§ What you are asked to do: Every entry is to be returned verbatim.

§ Records shown:
^^^^^^^^^^^^^^^^

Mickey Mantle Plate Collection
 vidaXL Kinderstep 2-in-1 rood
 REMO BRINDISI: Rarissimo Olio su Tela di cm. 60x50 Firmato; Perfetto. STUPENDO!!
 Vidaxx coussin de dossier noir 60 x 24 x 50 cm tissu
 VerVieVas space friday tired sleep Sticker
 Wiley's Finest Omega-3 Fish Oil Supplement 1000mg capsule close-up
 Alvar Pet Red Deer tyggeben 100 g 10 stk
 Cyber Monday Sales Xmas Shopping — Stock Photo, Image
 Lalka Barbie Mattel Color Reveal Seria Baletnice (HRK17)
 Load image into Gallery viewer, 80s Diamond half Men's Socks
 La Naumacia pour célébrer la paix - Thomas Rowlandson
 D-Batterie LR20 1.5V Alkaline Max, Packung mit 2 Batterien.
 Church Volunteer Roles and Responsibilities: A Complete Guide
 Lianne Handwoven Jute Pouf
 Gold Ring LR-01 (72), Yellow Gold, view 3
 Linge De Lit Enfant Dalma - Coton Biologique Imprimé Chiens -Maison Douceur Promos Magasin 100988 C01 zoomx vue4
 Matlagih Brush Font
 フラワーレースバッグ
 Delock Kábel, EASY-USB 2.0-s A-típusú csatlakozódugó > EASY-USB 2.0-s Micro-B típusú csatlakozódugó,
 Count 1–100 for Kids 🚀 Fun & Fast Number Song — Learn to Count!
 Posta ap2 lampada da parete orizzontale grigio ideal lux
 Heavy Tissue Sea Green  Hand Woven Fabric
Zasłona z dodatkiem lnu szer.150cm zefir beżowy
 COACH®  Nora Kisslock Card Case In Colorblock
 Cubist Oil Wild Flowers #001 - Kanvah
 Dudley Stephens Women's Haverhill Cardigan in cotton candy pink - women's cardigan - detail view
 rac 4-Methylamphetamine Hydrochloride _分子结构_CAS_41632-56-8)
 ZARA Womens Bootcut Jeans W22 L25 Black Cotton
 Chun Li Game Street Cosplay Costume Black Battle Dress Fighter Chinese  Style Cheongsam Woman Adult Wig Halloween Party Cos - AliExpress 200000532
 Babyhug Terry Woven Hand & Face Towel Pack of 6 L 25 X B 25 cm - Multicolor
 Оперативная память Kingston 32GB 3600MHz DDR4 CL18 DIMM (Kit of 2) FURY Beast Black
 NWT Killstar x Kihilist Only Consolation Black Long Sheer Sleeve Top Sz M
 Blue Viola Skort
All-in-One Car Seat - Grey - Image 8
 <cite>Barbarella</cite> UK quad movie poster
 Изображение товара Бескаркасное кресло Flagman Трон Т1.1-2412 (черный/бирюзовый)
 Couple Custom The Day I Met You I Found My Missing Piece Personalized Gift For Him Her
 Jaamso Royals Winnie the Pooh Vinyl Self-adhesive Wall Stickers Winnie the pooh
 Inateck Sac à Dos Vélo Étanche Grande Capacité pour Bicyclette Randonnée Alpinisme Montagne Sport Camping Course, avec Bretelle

^^^^^^^^^^^^^^^^

§ Answer box:
Mickey Mantle Plate Collection
 vidaXL Kinderstep 2-in-1 rood
 REMO BRINDISI: Rarissimo Olio su Tela di cm. 60x50 Firmato; Perfetto. STUPENDO!!
 Vidaxx coussin de dossier noir 60 x 24 x 50 cm tissu
 VerVieVas space friday tired sleep Sticker
 Wiley's Finest Omega-3 Fish Oil Supplement 1000mg capsule close-up
 Alvar Pet Red Deer tyggeben 100 g 10 stk
 Cyber Monday Sales Xmas Shopping — Stock Photo, Image
 Lalka Barbie Mattel Color Reveal Seria Baletnice (HRK17)
 Load image into Gallery viewer, 80s Diamond half Men's Socks
 La Naumacia pour célébrer la paix - Thomas Rowlandson
 D-Batterie LR20 1.5V Alkaline Max, Packung mit 2 Batterien.
 Church Volunteer Roles and Responsibilities: A Complete Guide
 Lianne Handwoven Jute Pouf
 Gold Ring LR-01 (72), Yellow Gold, view 3
 Linge De Lit Enfant Dalma - Coton Biologique Imprimé Chiens -Maison Douceur Promos Magasin 100988 C01 zoomx vue4
 Matlagih Brush Font
 フラワーレースバッグ
 Delock Kábel, EASY-USB 2.0-s A-típusú csatlakozódugó > EASY-USB 2.0-s Micro-B típusú csatlakozódugó,
 Count 1–100 for Kids 🚀 Fun & Fast Number Song — Learn to Count!
 Posta ap2 lampada da parete orizzontale grigio ideal lux
 Heavy Tissue Sea Green  Hand Woven Fabric
Zasłona z dodatkiem lnu szer.150cm zefir beżowy
 COACH®  Nora Kisslock Card Case In Colorblock
 Cubist Oil Wild Flowers #001 - Kanvah
 Dudley Stephens Women's Haverhill Cardigan in cotton candy pink - women's cardigan - detail view
 rac 4-Methylamphetamine Hydrochloride _分子结构_CAS_41632-56-8)
 ZARA Womens Bootcut Jeans W22 L25 Black Cotton
 Chun Li Game Street Cosplay Costume Black Battle Dress Fighter Chinese  Style Cheongsam Woman Adult Wig Halloween Party Cos - AliExpress 200000532
 Babyhug Terry Woven Hand & Face Towel Pack of 6 L 25 X B 25 cm - Multicolor
 Оперативная память Kingston 32GB 3600MHz DDR4 CL18 DIMM (Kit of 2) FURY Beast Black
 NWT Killstar x Kihilist Only Consolation Black Long Sheer Sleeve Top Sz M
 Blue Viola Skort
All-in-One Car Seat - Grey - Image 8
 <cite>Barbarella</cite> UK quad movie poster
 Изображение товара Бескаркасное кресло Flagman Трон Т1.1-2412 (черный/бирюзовый)
 Couple Custom The Day I Met You I Found My Missing Piece Personalized Gift For Him Her
 Jaamso Royals Winnie the Pooh Vinyl Self-adhesive Wall Stickers Winnie the pooh
 Inateck Sac à Dos Vélo Étanche Grande Capacité pour Bicyclette Randonnée Alpinisme Montagne Sport Camping Course, avec Bretelle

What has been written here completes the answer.